Bahkan tokoh sekaliber Soe Hok Gie pernah menjadi korban. Dalam catatan hariannya pada 20 Oktober 1961, ia menulis bagaimana dirinya dan kawan-kawan diplonco: dibentak, tasnya ditendang, dimaki, bahkan diperlakukan seperti binatang. Catatan itu membuktikan bahwa perpeloncoan bukan sekadar kisah sepele, melainkan luka kolektif yang diwariskan lintas generasi.

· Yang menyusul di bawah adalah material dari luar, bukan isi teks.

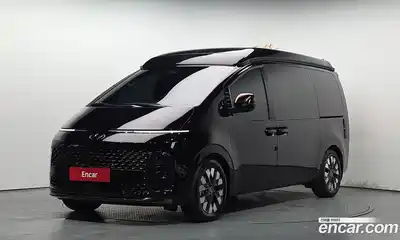 Hyundai Staria, 2023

Kekerasan yang Menyamar Sebagai Solidaritas
Kini, praktik serupa masih bisa kita jumpai di kampus-kampus. Mahasiswa baru disuruh membawa sepatu di leher, duduk di lumpur mendengarkan materi, hingga mengalami prank murahan yang berujung tangis. Ada yang sepatu sebelahnya disembunyikan, ada yang diminta berguling-guling di tanah, hingga melewati pos-pos gelap dengan teriakan dan bentakan.
Dalih yang selalu diulang adalah “solidaritas” dan “mentalitas.” Padahal, itu hanya pembenaran semu dari senioritas yang kian usang. Solidaritas sejati tidak lahir dari teriakan, bukan pula dari rasa takut, melainkan dari proses yang membebaskan dan mendukung kreativitas.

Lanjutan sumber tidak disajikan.